“The Legacy of The New Dance Group”
Choreography by Jane Dudley, Sophie Maslow, Anna Sokolow and Talley Beatty
Coolidge Auditorium
The Library of Congress
Washington, DC
April 19, 2019
by George Jackson
copyright 2019 by George Jackson
Seldom anymore do we get to see live performances of historic modern dance or, as it is called with loving irony, of “old modern”. Once upon a time, it constituted a successful revolution, or at least a fashion. That was from the 1920s into the 1960s, and not only in America. Shown on Friday evening at The Library of Congress were half a dozen works of choreography from the past – one from 1934 and the others from the 1940s. All were solos, five of them danced by women and one by a man. The four original makers of these works had all experienced contact with Martha Graham (1894 – 1991), an exception in the sea of modern dance forgetfulness. The importance of the torso was apparent in all the dances. That central portion of human anatomy was subject to tensions almost constantly as it stretched and arched or coiled or was held ready. This charged torso defined the dancing as acts of willpower and emotion. Supplementary were the dancer’s arms and legs. Often the arms and hands were very mobile, wrapping and unwrapping themselves around the torso, but they could also remain like oars at rest. The legs and feet moved the body from place to place in space yet seldom called attention to themselves as they do in ballet. What of the head and face?

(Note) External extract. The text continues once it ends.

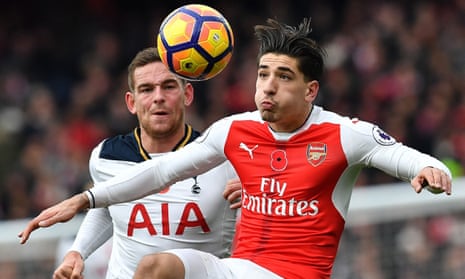 Héctor Bellerin, right, aims to wins possession while under pressure from Vincent Janssen during the recent north London derby. The right-back collected an injury in the match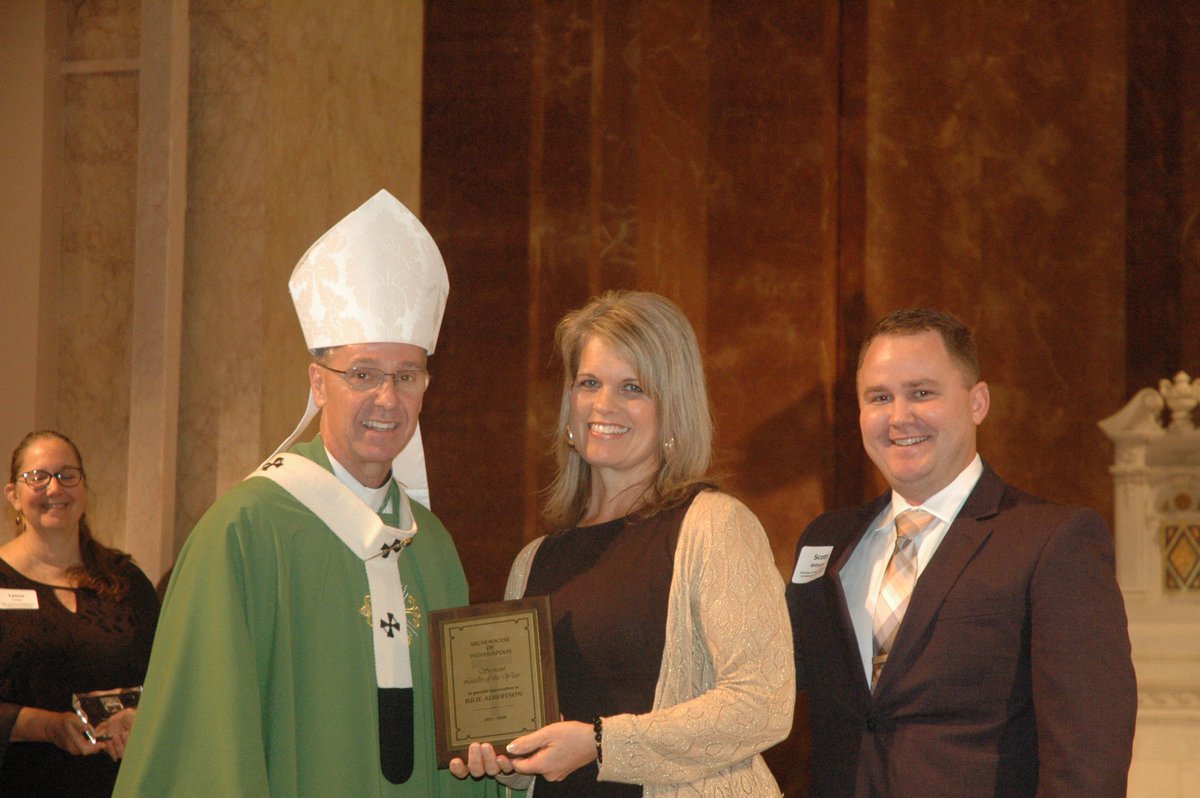 Congratulations to this year's Servant Leader of the Year, Julie Albertson! Julie serves youth at both Roncalli High School working with students on the yearbook and at Saint Mark as their Youth Minister.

Carriage of the head could be in free harmony with that of the torso or in counterpoint. Some facial expressions punctuated those of the total body but the head could also ride thoughtfully bent over the body in a state of self observation. Jane Dudley’s earnest, 1934 “Time Is Money” was the program’s first dance solo. Erica Dankmeyer danced it proudly, not to music but in part to the reading of a Sol Funaroff poem. The serious mood did not abate with Jennifer Conley’s rendition of two “Dust Bowl Ballads” – “I Ain’t Got No Home” and “Dusty Old Gold” by Sophie Maslow. Anna Sokolow’s “Kaddish” to the Maurice Ravel music could be a prayer of thanksgiving or a prayer of mourning for the dead. Samantha Geracht’s dancing alluded to both options. Determination was infused into the stamping steps, torso assertions and mockery of Dudley’s “Cante Flamenco” by Sandra Kaufmann. Talley Beatty’s “Mourner’s Bench”, performed by Clarence Brooks, seemed an athletic variation on Graham’s “Lamentation” and also of Rosalia Chladek’s “Totengeleite / Funeral Cortege”. Except for “Mourner’s Bench”, the other five of this evening’s six dances had a neatness and care that I suspect was not apparent in the the originals. Formerly, did all exude a bruised power?
A panel discussion followed the dancing. It was moderated by Ellen Graff, a former Graham dancer and currently of the Martha Graham Dance Company’s faculty, who had also introduced the dances. The audience did not want the program to end and kept commenting and asking questions.